Faisal Azim Abbasi, 48, is worried for himself and his joint family of eight. He has been getting notices to sign an 11-month license agreement with the Custodian of Enemy Property for India (CEPI), a department under the Ministry of Home Affairs, formed after the Indo-Pak war of 1965 and the two Indo-China wars in 1962 and 1967.
Abbasi has known no other home other than the single-storey, 800-square-foot space in Lucknow’s Maulviganj. The house, popularly known as Zareef Manzil or Lal Kothi, has been inhabited by his family for four generations.
“My grandfather took the property on rent from the Raja of Mahmudabad in the late 1930s,” says Abbasi. They paid ₹16 and 8 annas (50 paise). In 1957, the erstwhile raja moved to Pakistan and took citizenship there.
Abbasi is among hundreds of residents across India who occupy ‘Enemy Properties’, declared thus after the Enemy Property Act, 1968, came into being. The Act enabled the state to regulate and appropriate real estate belonging to those who had left India and got citizenship of countries it has gone to war with: Pakistan and China.
Now, the Union government has begun to e-auction many of the 12,611 properties across the country, out of which 126 belong to Chinese citizens. Uttar Pradesh has the maximum number, at 6,041, followed by West Bengal at 4,354. Lucknow itself has 361 such properties, with 105 occupied, the highest in U.P. and all in disrepair. Shamli district has 482, Sitapur 378, Muzaffarnagar has 274, and Budaun 250, besides the others.
These ‘enemy properties’ could be “any property that belongs to, is held or managed on behalf of an enemy, an enemy subject, or an enemy firm”. The word “enemy” signifies any country that has committed an act of aggression or declared war against the Union of India, and “property” is immovable assets and all negotiable instruments such as shares, debentures, and other commerce.

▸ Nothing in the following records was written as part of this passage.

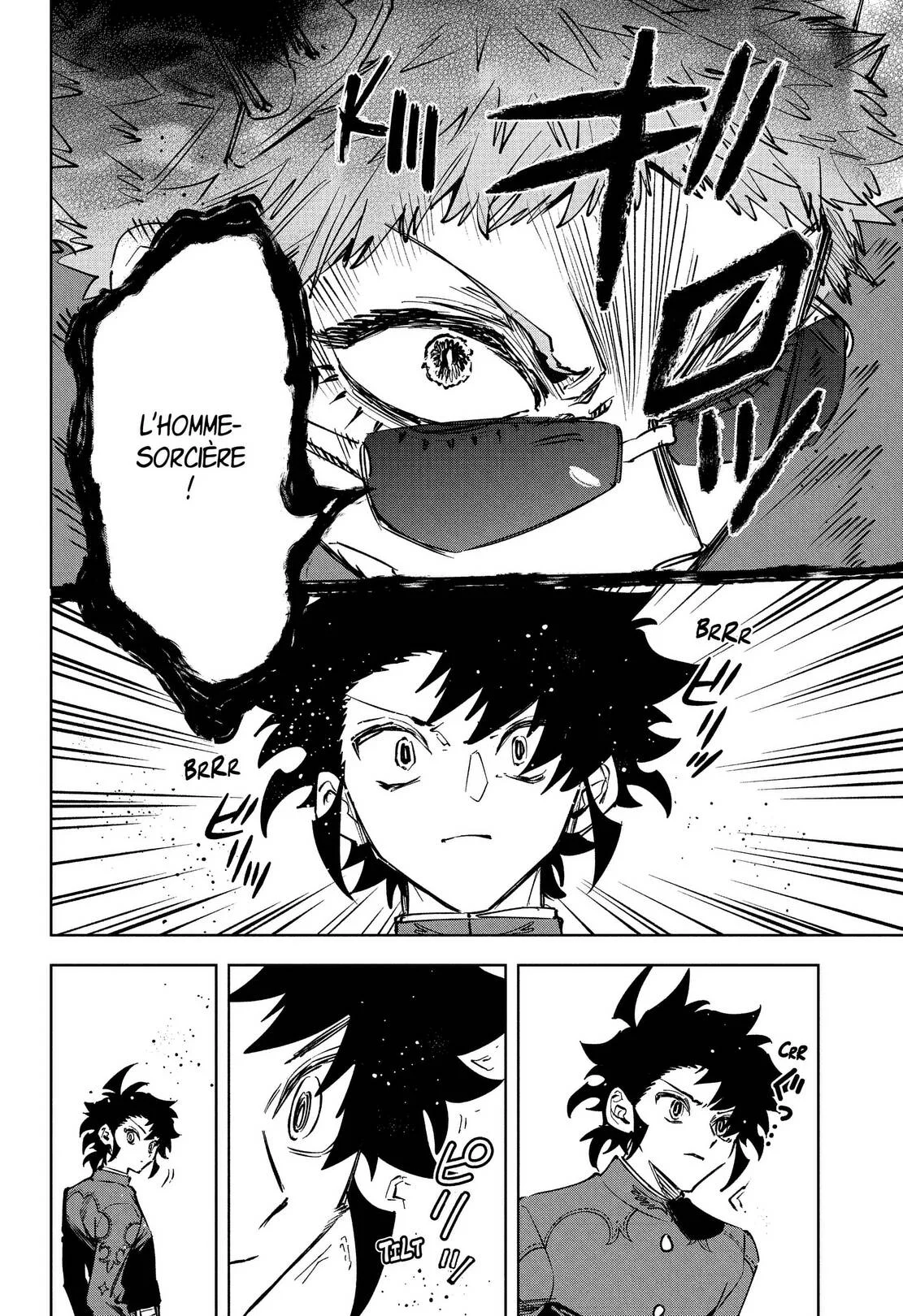 Read Ichi The Witch FR Manga Online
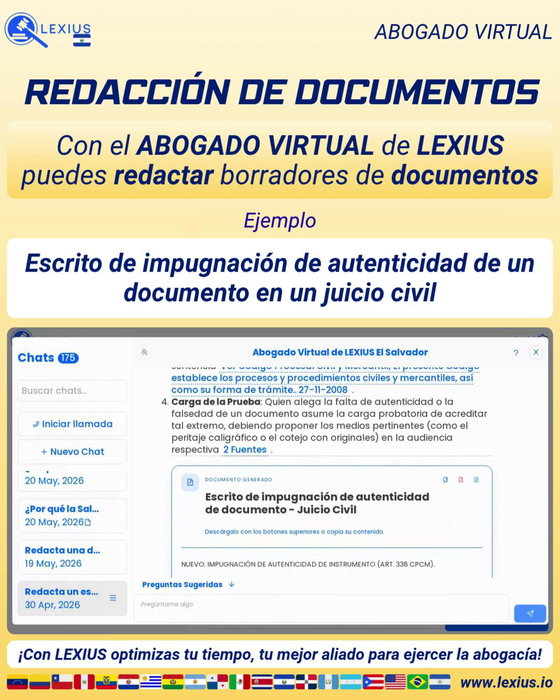 Video de LEXIUS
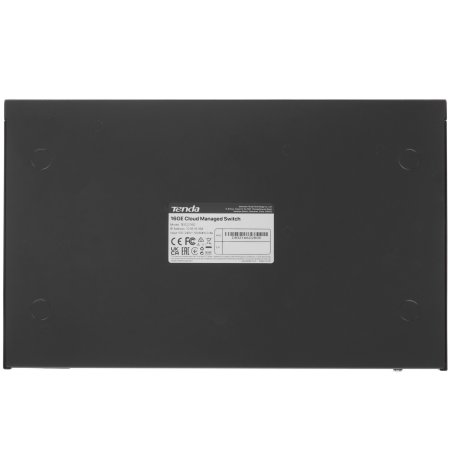 Коммутатор облачный управляемый Tenda TEG2216D 16x1 Gbит/с, металлический корпус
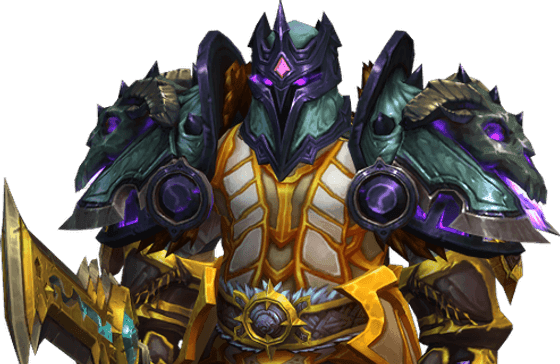 Kazrik render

Abbasi’s grandfather, Matloob Alam, signed the original lease and the family was told on September 24, 1966, via a letter from the then Sub-Divisional Magistrate (SDO), Lucknow, S.S. Nigam that the building they lived in had become ‘enemy property’, and was owned by the state. “I, SDO Lucknow hereby direct Shri Matloob Alam, the occupant of the property, to pay monthly rent, dues etc. to Tehsildar Lucknow with immediate effect,” the letter had said.